Selain itu, penyediaan panduan dan manual teknis yang komprehensif sangat penting untuk mendukung implementasi teknologi seperti High Pressure Processing (HPP). Panduan ini harus mencakup aspek teknis, regulasi, dan standar keamanan pangan, sehingga perusahaan dapat menerapkan teknologi dengan tepat, aman, dan sesuai regulasi.

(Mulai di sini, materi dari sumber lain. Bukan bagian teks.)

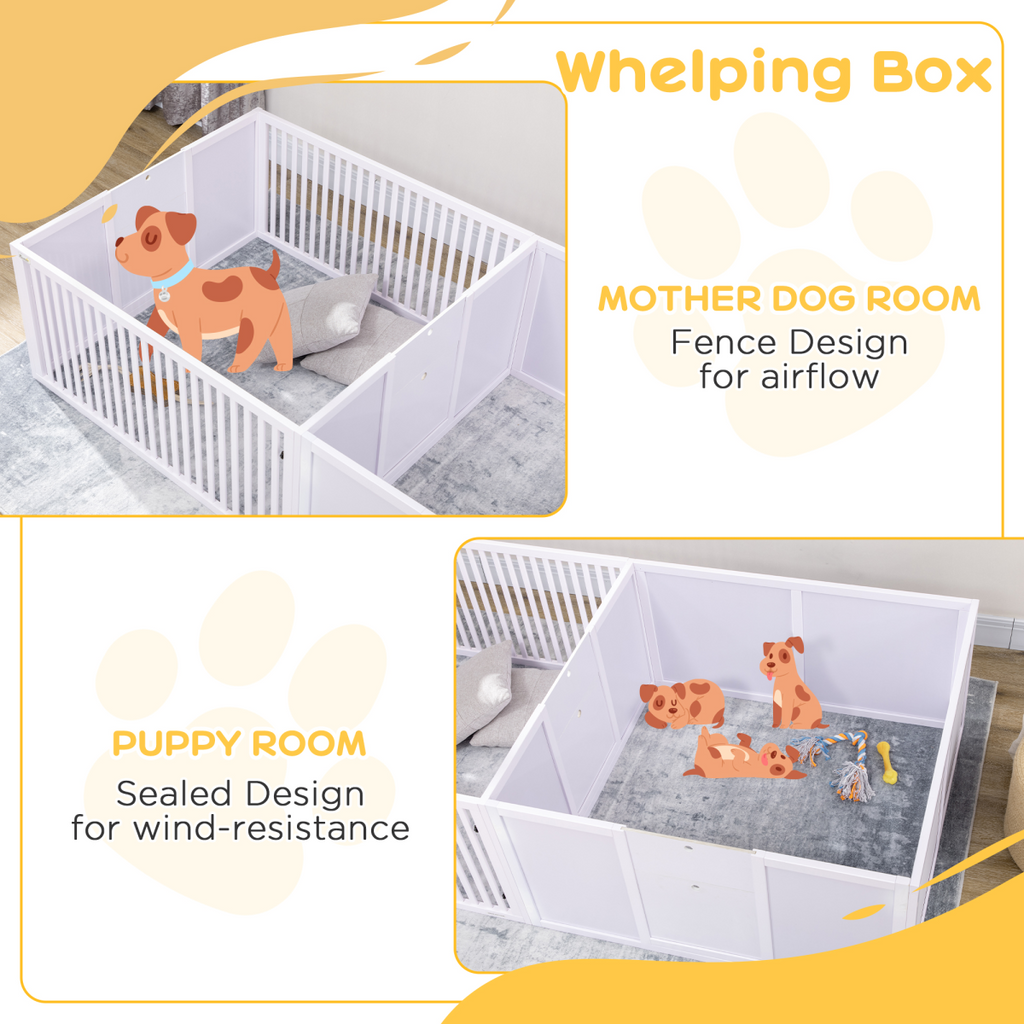 7-Panel Indoor Puppy Pen with 3 Doors, Dual-Room Design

Pelatihan tidak hanya difokuskan pada pekerja, tetapi juga melibatkan manajer produksi, pengembang produk, dan tenaga teknis untuk memastikan bahwa semua pihak dalam rantai produksi memahami keunggulan, cara kerja, dan kendala dari teknologi baru.

Strategi ketiga yang bisa dilakukan adalah penguatan infrastruktur dan fasilitas sebagai elemen kunci dalam hilirisasi teknologi. Salah satu langkah strategis yang dapat dilakukan adalah melalui investasi dalam penyediaan fasilitas bersama (shared facilities) yang memungkinkan Usaha Mikro, Kecil, dan Menengah (UMKM) mengakses teknologi canggih seperti High Pressure Processing (HPP) atau pemanasan frekuensi radio (RF) tanpa harus menanggung biaya investasi yang besar.

Fasilitas ini dapat dikelola oleh pemerintah, asosiasi industri, atau lembaga independen untuk memastikan keberlanjutan operasionalnya.

Selain itu, modernisasi fasilitas produksi perlu dilakukan oleh perusahaan dengan mengadopsi teknologi hemat energi dan ramah lingkungan, seperti pemanasan gelombang mikro. Teknologi ini tidak hanya meningkatkan efisiensi energi tetapi juga membantu perusahaan memenuhi tuntutan pasar yang semakin peduli terhadap keberlanjutan lingkungan.

Dengan langkah-langkah ini, penguatan infrastruktur dan fasilitas dapat mempercepat adopsi teknologi mutakhir di berbagai skala industri.

Keempat, edukasi konsumen merupakan langkah penting untuk mendukung adopsi teknologi ini. Kampanye informasi publik dapat menjadi strategi utama untuk mengedukasi konsumen tentang keamanan dan manfaat teknologi modern seperti Pulsed Electric Field (PEF) dan iradiasi pangan. Dengan memberikan informasi yang jelas dan berbasis ilmiah, skeptisisme masyarakat terhadap teknologi ini dapat diminimalkan, sehingga membuka jalan bagi penerimaan yang lebih luas.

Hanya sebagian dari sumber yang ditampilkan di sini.